Shorter time intervals gave similar or larger effect compared to longer intervals, indicating that shorter intervals are more suitable than longer in bioassays of bank vole olfactory preference. This is in line with previous research on other rodent species showing that test animal’s interest in the odor decreases quickly (Slotnick and Schellinck 2002). By using 15-s intervals, it was also possible to reduce measurement time with almost 50% compared to 60 s and almost with 20% compared to 30 s, thus allowing future research to streamline behavioral assays. Approaching required less measurement time than investigation. To reduce the measurement time for investigation, it would be possible to either reduce the time interval from 180 s to for example 60 s, or to reduce the time of the session. However, shorter time intervals or shorter sessions would result in less odor preference data since some individuals showed low activity in the beginning. The longer measurement time for investigation may also simply be a reflection of that some animals were aversive to novel situations and therefore showed less propensity to insert their noses into holes (Takeda et al. 1998).

In our study, there was no response from the animals to the eluted acorn aeration extract. The use of different solvents may sometimes explain why different extracts give rise to opposite effects, which for example can depend on the polarity of the attractive odor components (Eriksson et al. 2008). It could therefore be more suitable to use a more polar solvent such as an alcohol in this case. It may also be that the active compounds important for detection are only emitted in low amounts due to evolutionary pressure of escaping predation (Hollander et al. 2012) and therefore are difficult to trap using headspace methods. To our knowledge, seed odor extracts have seldom been used in olfactory assays of mammals. The most common compound group in our extract was monoterpenes. Terpenes can act both as attractants and repellents in a dose-dependent way (Bedoya-Pérez et al. 2014). It may be that the terpenes in the extract had a lower or higher release rate compared to the acorns and therefore were not identified as food or as food containing too high a concentration of deterrents. Further studies are required in this field.

Voles showed significant preference for acorn odors over blank odors, and acorns were as preferred as rodent chow. Preference for odors from a novel food (in this case acorns) may either be acquired through generalization of previously experienced food which share some common quality with the novel food or result from an innate preference for it.
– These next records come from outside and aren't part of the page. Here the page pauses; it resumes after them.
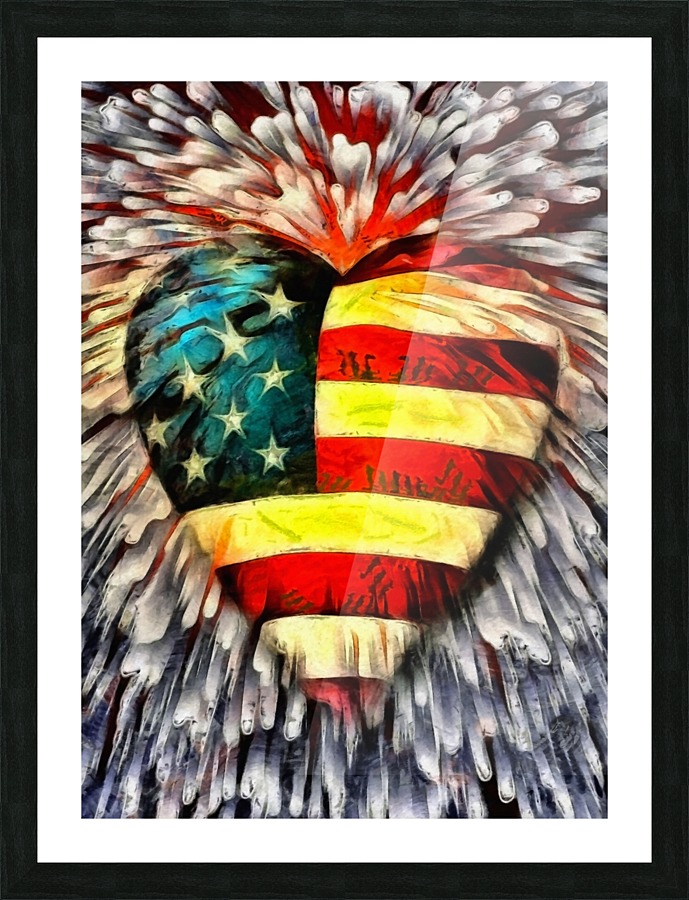 USA Heart Picture Frame print
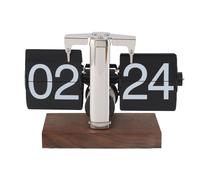 Reloj clásico retro plegable de 24 horas con páginas desmontables y base de madera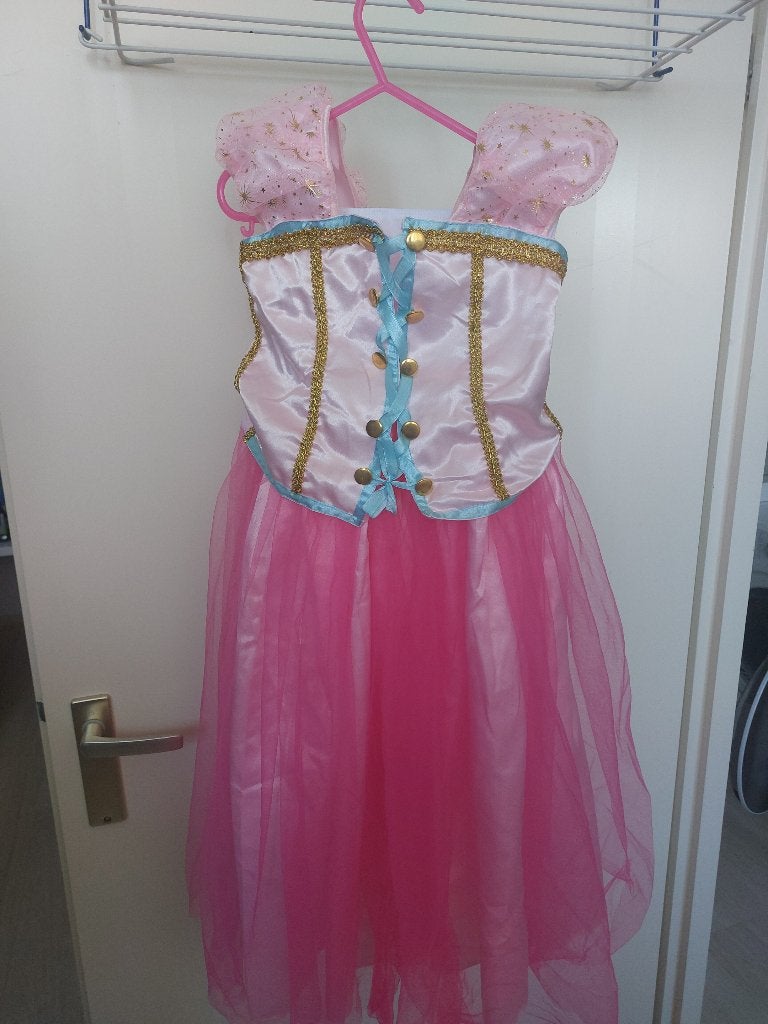 2x Rapunzel jurk origineel musical 5 tot 6 jaar 7 tot 8 jaar, Ophalen of Verzenden, Zo goed als nieuw, 104 of kleiner, Meisje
To generalize foraging cues is beneficial for animals with a wide variety of food sources, such as bank voles (Hansson 1971), as odor and taste cues associated with one type of food can be used to find other foods with common perceptual qualities (Linster and Smith 1999; Villalba and Provenza 2000). Only two compounds, both plant secondary metabolites (α-Pinene & Limonene), overlapped in the aeration extracts of acorns and rodent chow, suggesting that rodent chow and acorns smell different and were not generalized. It may therefore be that in bank voles, acorn attraction is innate, as it is in other seed hoarding rodents, which express specific behaviors to acorns of even those oak species that have been locally extinct for centuries (Steele et al. 2006; Xiao and Zhang 2012).

To further reduce variation in studies similar to ours, care could be taken to match the voles diel rhythm as some of our voles were tested during their day-phase and others during the night. However, bank voles normally feed both during day and night (Hansson 1971).
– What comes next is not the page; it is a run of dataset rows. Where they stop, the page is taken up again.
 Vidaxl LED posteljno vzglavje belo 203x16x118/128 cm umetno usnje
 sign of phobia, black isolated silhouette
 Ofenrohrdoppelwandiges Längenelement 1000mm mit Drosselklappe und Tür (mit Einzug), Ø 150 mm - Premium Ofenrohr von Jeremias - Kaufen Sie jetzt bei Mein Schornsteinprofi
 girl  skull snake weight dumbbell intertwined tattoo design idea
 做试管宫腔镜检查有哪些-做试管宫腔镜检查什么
This study demonstrates that data on food odor preference in bank voles can both be obtained using approach and investigation behaviors. Short measurement times for the evaluation of attractive odors make it possible to efficiently assay the wide range of compounds that are present in the volatile headspace of rodents’ natural foods. Understanding how rodents use odors to locate food may in the future add important tools to control rodent populations and improve forest restoration and food security efforts.